Your goal: Write out every entry exactly; the pictures do not belong in the copy.

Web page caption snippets
══════════════════════════════

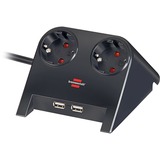 Brennenstuhl Desktop-Power USB-charger 2-voudige stekkerdoos met usb Hoogglans zwart, 2x stekker, 2x USB-A, met 2 USB-laadcontactdozen 2.100mA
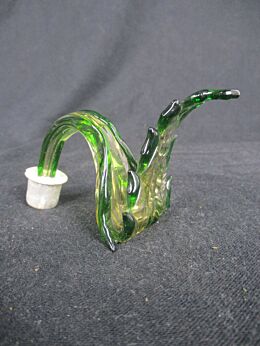 small Venetian Murano Chandelier Part Green Hand Blown Glass Feather Reclaimed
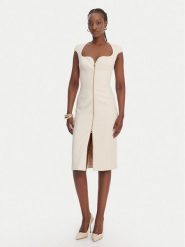 Elisabetta Franchi Sukienka koktajlowa AB-900-61E2-V430 Écru Regular Fit. Sukienki damskie Elisabetta Franchi, bez wzorów, z syntetyku, wizytowe, bez kołnierzyka, bez ramiączek. Za 1,829.00 zł.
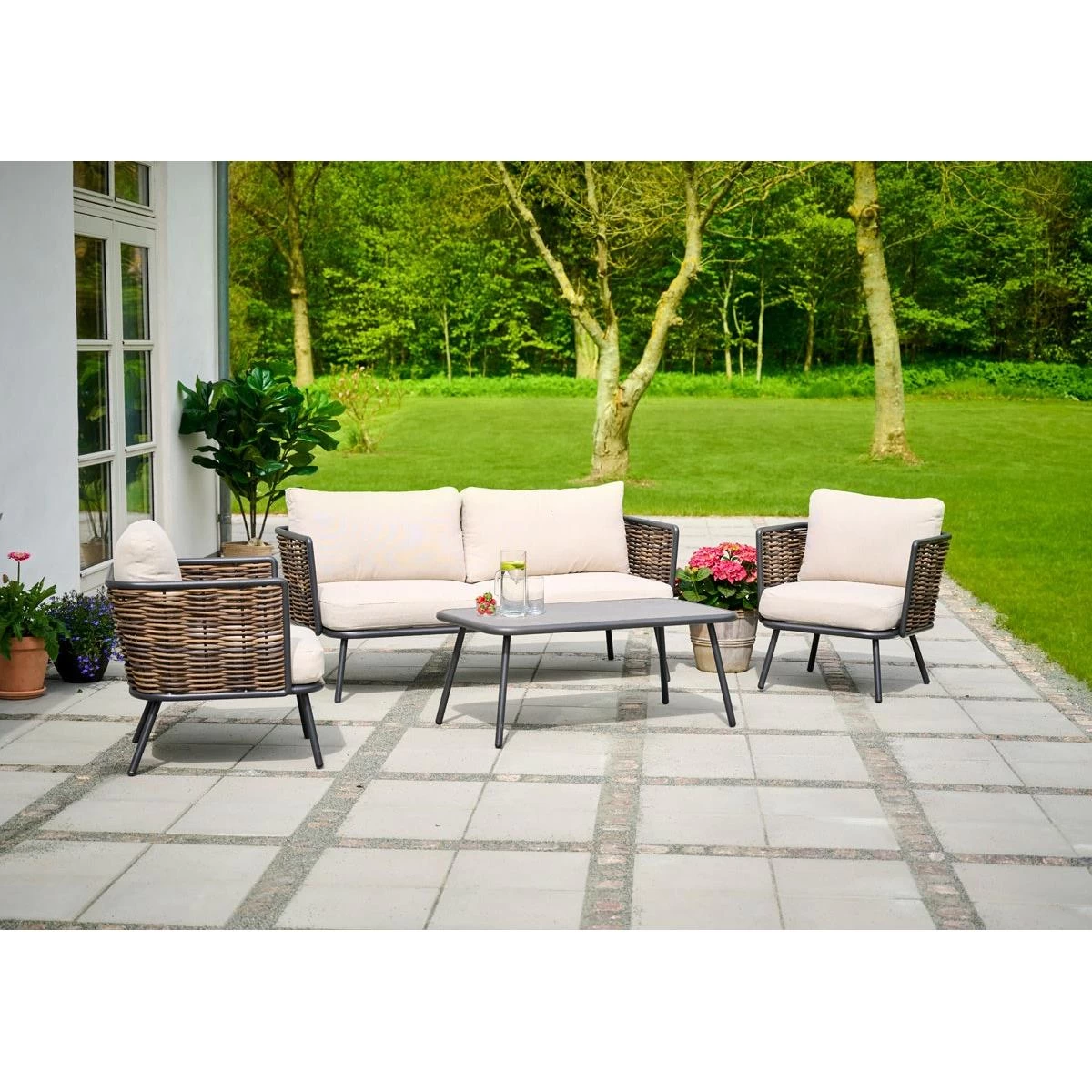 Lisomme Marit 4 Delige Tuin Loungeset Bruin - Met Zitkussens - Afbeelding 2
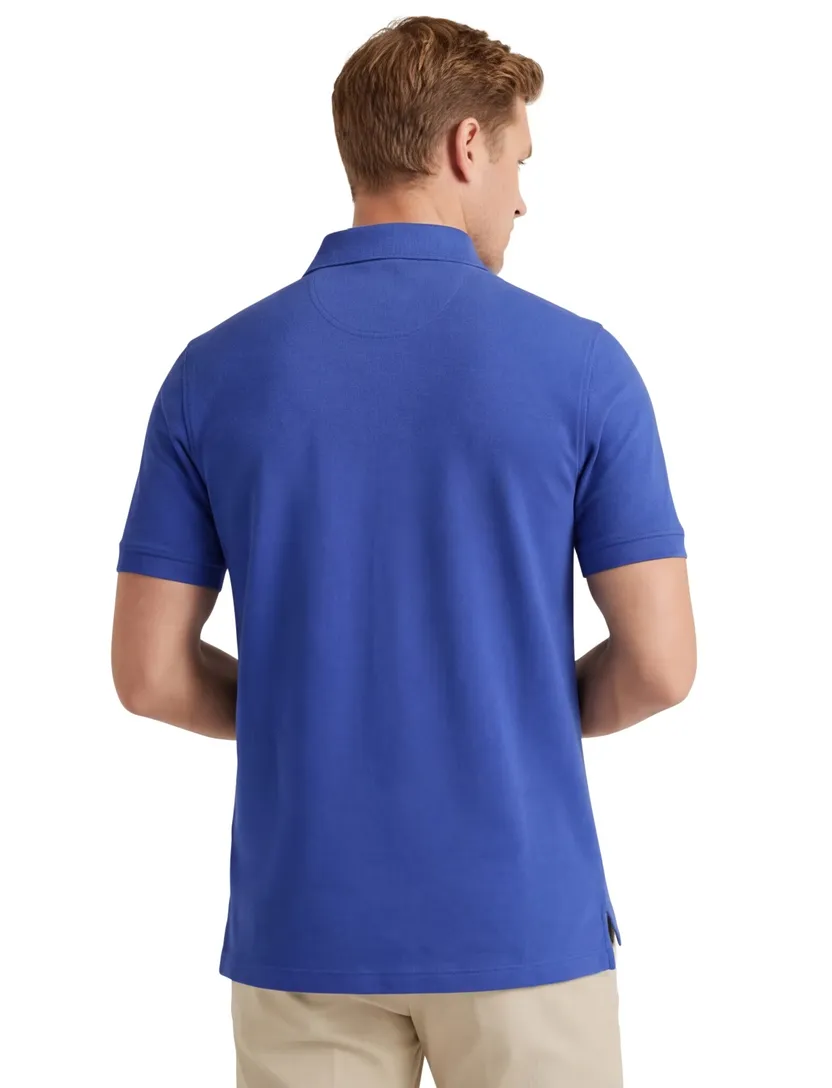 Portofino polo blauw pique 3-knoops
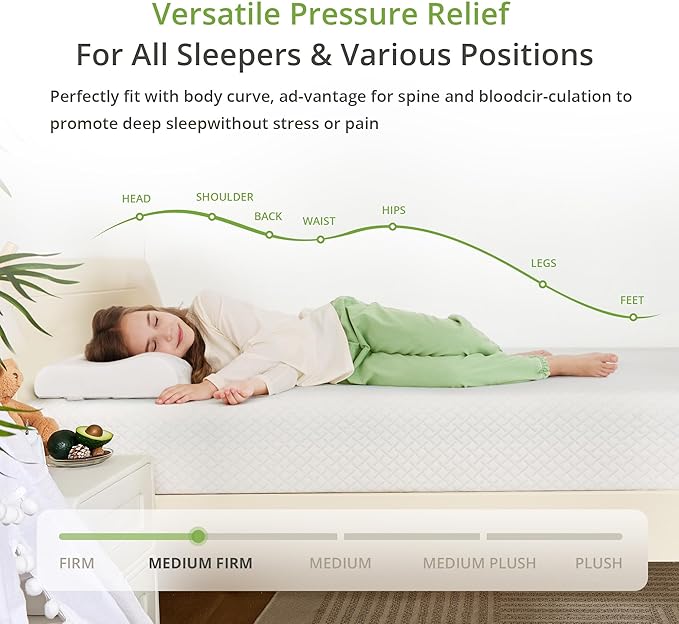 6 Inch Twin Mattress for Kids, Memory Foam Mattress with Cooling Green Tea Gel, Relieve Pressure with Medium Firm Support, CertiPUR-US Certified, 75''L x 38''W, White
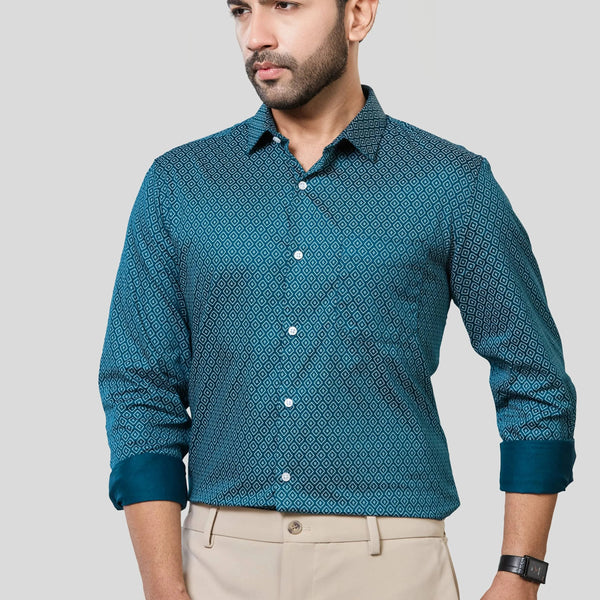 Jonesburg Men's Printed Slim Fit Formal Shirt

══════════════════════════════

Solution for this exercise:
 Brennenstuhl Desktop-Power USB-charger 2-voudige stekkerdoos met usb Hoogglans zwart, 2x stekker, 2x USB-A, met 2 USB-laadcontactdozen 2.100mA
 small Venetian Murano Chandelier Part Green Hand Blown Glass Feather Reclaimed
 Elisabetta Franchi Sukienka koktajlowa AB-900-61E2-V430 Écru Regular Fit. Sukienki damskie Elisabetta Franchi, bez wzorów, z syntetyku, wizytowe, bez kołnierzyka, bez ramiączek. Za 1,829.00 zł.
 Lisomme Marit 4 Delige Tuin Loungeset Bruin - Met Zitkussens - Afbeelding 2
 Portofino polo blauw pique 3-knoops
 6 Inch Twin Mattress for Kids, Memory Foam Mattress with Cooling Green Tea Gel, Relieve Pressure with Medium Firm Support, CertiPUR-US Certified, 75''L x 38''W, White
 Jonesburg Men's Printed Slim Fit Formal Shirt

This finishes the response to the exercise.